Far too many audit shops seem to focus on the “management” part of relationship management. They manage meetings and they manage the schedule and they manage the people and they manage their way right out of learning anything. The real focus should be on the relationship – and how you manage that to its best advantage. Successful relationship management is about making discussions about risk, rewards, achievements, day-to-day accomplishments, setbacks, travails, excitements, and any other activities as natural as saying hello in the hallway. It is about finding excuses to talk. It is about searching out conversation. It is about working with our customers outside the “auditee” relationship.
I was speaking with someone (a CAE) at a conference lately about this subject and he indicated that his department had a very robust relationship management process. “For example,” he said, “I meet with the CFO three times a year.” I wanted to add “whether you need to or not.”
Standard, scheduled relationship management meetings are merely table stakes. And having them at only the C-suite level means table stakes at a penny-ante game. To establish the kind of relationship auditors need with employees of the company, it means a personal commitment to know and relate to the people involved. It means stopping by an office and talking. It means seeing if the individual is free for lunch and talking about their (and your) kids and family and interests. It means meeting for dinner after a late night of work. It is an investment of yourself to an individual/to a person.
And it is also about relationships at all levels. I know I’ve told the story before, so I’ll make it brief. Some of the best auditee relationships I have (senior managers I work with and who have become our strongest advocates) exist because we worked together and got to know each other when we were lowly professionals – not a manager amongst us. It was not that I was cultivating the relationships because I thought they might be important someday. It was because I was a human first and an auditor second. Building the personal relationships was just what any decent human being should do.

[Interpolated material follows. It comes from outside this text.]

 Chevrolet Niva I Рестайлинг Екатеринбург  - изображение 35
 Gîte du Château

So, yeah, nothing important happened today. At least that is what the auditors who are sitting in their cubbies typing madly away at workpapers think. At least that is what the auditors who are busy trying hard to be so “independent” and “objective” they refuse to share a cup of coffee think. At least that is what the clichés of our profession think.

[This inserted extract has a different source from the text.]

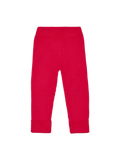 Legginsy z wełny merino dla dzieci Everyday Mille Family BEBE Concept 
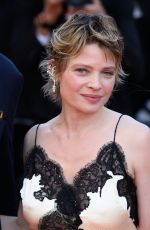 MELANIE THIERRY at La Vie d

But something fantastic happened in your company today. Maybe it was the birth of the idea that will mean the company’s survival. Maybe it was a promotion to management for someone who will one day be the CEO. Maybe it was merely the fact that someone had a real good day at work. Or, maybe it was the birth of a co-workers’ child. Just be sure you’ve got your head out of the auditing sand long enough to hear the cries of something important when it is being born.